Agnes Mure Mackenzie, 1891-1955
Chosen by Stevie Marsden (@StevieLMarsden)
I became slightly obsessed with Agnes Mure Mackenzie while completing my doctoral research into the Saltire Society Literary Awards. A member of the Society’s Publications Committee in the 1950s, Mackenzie was one of the people in the room on 22nd June 1954 when the committee approved the Society’s first Book of the Year Award. Unfortunately, the progression of this award was stunted by the death of Mackenzie less than a year later in February 1955. Following her death, the Society established a fund which was used to create the Agnes Mure Mackenzie Memorial Award for Historical Research, which was the origins of the History Book of the Year Award that the Society still hands out to this day.

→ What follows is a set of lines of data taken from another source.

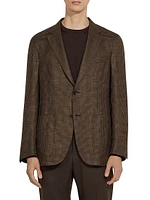 Cashmere Silk Linen Blazer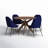 Cobos 5-Piece 47.25" Round Dining Set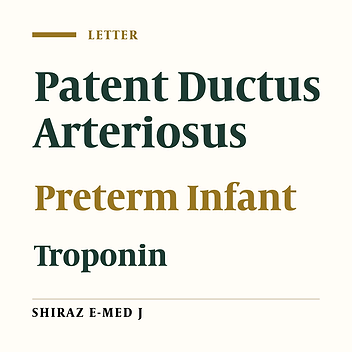 Reduction of Serum Troponin I in Premature Neonates After Closure of Patent Ductus Arteriosus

As I began to unravel the history of the Society’s Literary Awards I realised that Mackenzie was a near constant figure within that history, and not just in name. The Saltire Society was one of the outlets Mackenzie used to support her advocacy of Scottish culture, affectionately dedicating the first volume of her four-volume series Scottish Pageant (1946) to “My Companions of the Saltire Society who desire that those “things which were cast down shall be raised up and those things which have grown old shall be made new”. She would also use a page of the Aberdeen University Review in 1944 to espouse that the Society wanted to ‘stir the mind of the Scottish people’.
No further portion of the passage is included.